BERLIN – An antisemitic rally where an Israeli flag was torched caused German lawmakers on Thursday to pass legislation outlawing the burning of all foreign flags within the borders of the federal republic.
The Jerusalem Post reviewed the 16-page change in German law that imposes a criminal penalty that could lead to a three year prison term for flag burning.
The Social Democratic Party faction wrote in the proposed law ahead of its passage “that the draft law and the coalition factions’ amendment were not about restricting freedom of expression. Rather, a clear criminal law barrier should be set and a gap in criminal law should be closed. It was unbearable and unacceptable for the flag of the State of Israel to be burned in public.”
The main triggering event for the legislation was a 2017 demonstration in Berlin, in which 2,500 people, most of whom were German Muslims, protested against US President Donald Trump’s decision to relocate the US embassy to Israel’s capital, Jerusalem. The protesters torched an Israeli flag, prompting police at the time to initiate investigations into 11 people in connection with the flag burning.
According to the “justification” section of the legislation, the law to criminalize flag burning was extended “to any disparaging destruction of flags of foreign countries.” According to the justification, this is intended to react to events in December 2017: “A public demonstration in Berlin in that participants burned the Israeli flag and chanted corresponding slogans had become an antisemitic rally.”

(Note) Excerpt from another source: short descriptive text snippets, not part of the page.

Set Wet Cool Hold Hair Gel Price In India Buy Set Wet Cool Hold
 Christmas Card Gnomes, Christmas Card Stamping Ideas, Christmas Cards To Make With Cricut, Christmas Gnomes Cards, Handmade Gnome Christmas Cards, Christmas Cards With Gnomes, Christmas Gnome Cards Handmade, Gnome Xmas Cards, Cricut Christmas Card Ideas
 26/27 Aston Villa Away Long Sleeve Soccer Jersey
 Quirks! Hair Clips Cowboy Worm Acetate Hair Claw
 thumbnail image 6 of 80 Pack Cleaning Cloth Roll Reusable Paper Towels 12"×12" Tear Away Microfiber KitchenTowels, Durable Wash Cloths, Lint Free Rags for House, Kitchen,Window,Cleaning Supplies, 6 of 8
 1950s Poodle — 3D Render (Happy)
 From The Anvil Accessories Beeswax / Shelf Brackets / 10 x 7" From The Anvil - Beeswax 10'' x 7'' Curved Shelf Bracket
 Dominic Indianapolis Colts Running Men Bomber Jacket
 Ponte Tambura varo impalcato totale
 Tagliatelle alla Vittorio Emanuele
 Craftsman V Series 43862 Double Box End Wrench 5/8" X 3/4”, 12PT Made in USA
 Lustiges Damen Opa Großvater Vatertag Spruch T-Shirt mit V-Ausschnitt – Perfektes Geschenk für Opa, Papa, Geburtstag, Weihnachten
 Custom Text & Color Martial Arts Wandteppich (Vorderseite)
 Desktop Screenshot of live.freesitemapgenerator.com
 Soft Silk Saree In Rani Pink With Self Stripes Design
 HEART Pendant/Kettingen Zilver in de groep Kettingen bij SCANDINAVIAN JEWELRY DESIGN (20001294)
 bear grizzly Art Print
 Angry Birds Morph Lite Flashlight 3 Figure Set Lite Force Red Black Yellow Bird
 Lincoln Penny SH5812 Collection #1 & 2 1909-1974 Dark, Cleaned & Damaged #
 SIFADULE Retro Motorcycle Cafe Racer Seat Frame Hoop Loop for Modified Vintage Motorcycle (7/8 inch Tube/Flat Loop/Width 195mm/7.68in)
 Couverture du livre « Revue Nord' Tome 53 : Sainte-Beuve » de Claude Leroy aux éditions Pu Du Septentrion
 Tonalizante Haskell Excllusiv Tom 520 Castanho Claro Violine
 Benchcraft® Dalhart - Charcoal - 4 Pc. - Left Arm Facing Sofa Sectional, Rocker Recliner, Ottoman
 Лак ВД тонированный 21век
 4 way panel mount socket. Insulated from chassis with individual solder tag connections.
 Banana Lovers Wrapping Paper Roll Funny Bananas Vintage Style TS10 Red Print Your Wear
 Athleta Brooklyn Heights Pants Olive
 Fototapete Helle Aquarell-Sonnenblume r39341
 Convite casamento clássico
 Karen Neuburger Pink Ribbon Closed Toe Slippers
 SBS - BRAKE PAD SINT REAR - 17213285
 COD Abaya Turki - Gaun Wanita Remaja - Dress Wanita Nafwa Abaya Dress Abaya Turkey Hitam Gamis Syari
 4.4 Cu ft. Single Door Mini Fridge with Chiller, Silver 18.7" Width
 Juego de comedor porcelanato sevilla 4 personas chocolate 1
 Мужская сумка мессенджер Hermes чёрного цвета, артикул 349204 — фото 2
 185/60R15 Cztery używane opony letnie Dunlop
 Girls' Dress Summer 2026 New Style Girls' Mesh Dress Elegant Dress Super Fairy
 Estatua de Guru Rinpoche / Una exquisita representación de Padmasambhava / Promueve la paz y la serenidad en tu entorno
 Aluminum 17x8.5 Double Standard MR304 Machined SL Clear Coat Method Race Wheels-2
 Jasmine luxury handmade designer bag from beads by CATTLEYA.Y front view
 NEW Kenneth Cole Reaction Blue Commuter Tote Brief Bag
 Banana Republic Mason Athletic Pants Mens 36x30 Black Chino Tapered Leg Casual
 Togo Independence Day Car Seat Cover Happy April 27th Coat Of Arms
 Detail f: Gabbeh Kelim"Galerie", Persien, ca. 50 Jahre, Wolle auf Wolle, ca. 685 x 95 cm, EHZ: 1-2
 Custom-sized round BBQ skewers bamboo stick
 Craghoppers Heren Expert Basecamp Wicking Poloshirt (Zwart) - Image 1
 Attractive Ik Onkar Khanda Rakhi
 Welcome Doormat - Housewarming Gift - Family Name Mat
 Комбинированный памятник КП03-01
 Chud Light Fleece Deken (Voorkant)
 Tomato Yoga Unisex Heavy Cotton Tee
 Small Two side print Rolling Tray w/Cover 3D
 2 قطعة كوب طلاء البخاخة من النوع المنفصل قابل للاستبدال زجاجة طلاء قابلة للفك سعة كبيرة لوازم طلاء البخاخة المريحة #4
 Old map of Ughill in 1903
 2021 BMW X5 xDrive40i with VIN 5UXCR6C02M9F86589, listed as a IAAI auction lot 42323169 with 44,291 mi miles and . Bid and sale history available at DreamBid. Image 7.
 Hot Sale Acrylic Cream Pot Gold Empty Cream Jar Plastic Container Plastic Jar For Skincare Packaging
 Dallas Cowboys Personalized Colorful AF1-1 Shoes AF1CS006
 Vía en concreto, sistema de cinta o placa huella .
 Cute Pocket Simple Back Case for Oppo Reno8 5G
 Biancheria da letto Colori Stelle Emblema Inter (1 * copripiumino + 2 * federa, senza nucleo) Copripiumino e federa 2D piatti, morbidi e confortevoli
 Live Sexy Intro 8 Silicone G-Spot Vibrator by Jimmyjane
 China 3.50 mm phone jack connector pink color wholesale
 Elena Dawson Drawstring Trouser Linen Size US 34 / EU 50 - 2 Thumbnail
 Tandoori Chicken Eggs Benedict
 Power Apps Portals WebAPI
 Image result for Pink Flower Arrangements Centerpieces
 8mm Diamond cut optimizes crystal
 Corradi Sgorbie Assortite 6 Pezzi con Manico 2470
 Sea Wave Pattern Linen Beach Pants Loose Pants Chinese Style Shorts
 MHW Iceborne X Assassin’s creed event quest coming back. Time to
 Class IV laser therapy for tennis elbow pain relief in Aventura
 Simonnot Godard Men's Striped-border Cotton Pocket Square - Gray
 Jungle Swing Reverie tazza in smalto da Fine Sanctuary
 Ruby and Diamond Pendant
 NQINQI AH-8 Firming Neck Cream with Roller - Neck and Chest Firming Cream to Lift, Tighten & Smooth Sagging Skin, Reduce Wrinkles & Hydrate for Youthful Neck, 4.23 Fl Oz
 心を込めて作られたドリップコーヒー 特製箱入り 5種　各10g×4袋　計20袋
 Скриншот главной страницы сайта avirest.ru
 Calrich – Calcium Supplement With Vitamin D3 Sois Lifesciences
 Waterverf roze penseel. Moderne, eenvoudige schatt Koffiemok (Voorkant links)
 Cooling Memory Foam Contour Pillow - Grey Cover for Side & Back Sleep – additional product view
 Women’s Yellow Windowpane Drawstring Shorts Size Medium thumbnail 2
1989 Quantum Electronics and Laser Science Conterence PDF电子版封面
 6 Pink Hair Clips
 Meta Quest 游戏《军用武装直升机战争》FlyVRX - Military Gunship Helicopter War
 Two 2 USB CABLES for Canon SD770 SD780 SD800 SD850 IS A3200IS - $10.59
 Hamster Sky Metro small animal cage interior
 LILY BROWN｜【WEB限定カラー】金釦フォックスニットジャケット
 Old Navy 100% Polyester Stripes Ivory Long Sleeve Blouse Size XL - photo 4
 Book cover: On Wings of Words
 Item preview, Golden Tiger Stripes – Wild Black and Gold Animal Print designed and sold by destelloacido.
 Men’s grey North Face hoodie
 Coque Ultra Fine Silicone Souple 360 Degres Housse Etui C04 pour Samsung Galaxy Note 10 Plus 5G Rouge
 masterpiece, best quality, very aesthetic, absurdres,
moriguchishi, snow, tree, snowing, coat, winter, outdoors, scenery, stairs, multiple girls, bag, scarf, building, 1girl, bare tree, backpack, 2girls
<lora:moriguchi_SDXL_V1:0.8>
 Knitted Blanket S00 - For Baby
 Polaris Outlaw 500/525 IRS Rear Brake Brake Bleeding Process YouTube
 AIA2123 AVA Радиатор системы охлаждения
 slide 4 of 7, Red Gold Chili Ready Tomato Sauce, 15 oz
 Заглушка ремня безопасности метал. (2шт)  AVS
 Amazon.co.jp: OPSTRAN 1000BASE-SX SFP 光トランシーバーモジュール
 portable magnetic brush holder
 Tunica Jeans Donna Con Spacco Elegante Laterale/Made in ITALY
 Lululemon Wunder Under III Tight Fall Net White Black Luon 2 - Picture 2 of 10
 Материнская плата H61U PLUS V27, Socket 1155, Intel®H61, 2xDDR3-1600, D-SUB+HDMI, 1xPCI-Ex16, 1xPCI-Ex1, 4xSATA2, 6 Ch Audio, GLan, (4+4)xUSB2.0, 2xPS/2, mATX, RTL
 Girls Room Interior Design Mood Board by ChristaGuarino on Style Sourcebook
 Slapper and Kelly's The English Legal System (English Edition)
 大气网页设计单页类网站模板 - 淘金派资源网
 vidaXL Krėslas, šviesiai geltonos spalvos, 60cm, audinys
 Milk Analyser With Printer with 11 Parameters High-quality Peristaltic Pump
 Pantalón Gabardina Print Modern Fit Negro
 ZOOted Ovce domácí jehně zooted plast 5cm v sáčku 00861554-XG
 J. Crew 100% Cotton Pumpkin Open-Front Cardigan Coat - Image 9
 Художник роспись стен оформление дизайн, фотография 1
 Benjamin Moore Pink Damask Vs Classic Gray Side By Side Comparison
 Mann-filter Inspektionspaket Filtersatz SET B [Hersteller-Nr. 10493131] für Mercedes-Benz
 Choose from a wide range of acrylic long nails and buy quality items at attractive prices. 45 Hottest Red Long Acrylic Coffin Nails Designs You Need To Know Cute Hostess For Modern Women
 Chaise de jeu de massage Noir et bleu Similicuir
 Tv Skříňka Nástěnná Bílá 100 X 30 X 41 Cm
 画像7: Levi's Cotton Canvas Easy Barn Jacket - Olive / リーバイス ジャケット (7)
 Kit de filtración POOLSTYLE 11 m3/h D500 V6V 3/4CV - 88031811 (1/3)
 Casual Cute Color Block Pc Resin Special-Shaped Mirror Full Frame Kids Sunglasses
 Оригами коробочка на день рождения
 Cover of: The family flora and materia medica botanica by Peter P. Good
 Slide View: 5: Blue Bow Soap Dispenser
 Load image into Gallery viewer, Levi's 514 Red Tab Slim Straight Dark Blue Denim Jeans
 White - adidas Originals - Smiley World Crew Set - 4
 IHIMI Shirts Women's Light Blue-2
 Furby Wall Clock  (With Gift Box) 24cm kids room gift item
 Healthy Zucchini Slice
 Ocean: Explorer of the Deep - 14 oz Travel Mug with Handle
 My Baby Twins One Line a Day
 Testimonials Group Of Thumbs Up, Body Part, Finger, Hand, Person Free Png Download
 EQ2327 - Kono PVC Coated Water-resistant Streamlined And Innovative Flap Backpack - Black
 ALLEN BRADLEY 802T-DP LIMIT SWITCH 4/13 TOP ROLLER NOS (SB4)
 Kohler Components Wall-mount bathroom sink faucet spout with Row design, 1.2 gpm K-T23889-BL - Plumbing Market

German law until yesterday proscribed a criminal penalty for the burning and denigration of the German flag. The previous law only criminalized the burning of foreign flags under strict conditions in connection with, for example, a ceremony event.
The new law also criminalizes the desecration of the EU flag and EU anthem.
The Post reported in January that the largely anti-Israel party Die Linke (The Left) has torpedoed a bill in the Berlin senate, which would have banned the burning of the Israeli flag in Germany’s capital city.
The new federal law will now apply to city-states like Berlin. Left Party politician Sebastian Schlüsselburg blocked a ban of torching Israeli flags at the time. The Left Party opposed a ban of the terrorist entity Hezbollah. In 2014, MPs from the Left Party secured the No. 4 spot on the list of the Simon Wiesenthal Center’s list of worst outbreaks of antisemitism and anti-Israel conduct.
Party members Annette Groth, Inge Höger, Claudia Haydt and Heike Hänsel fomented hatred of the Jewish state during a talk in the Bundestag, the center said at the time.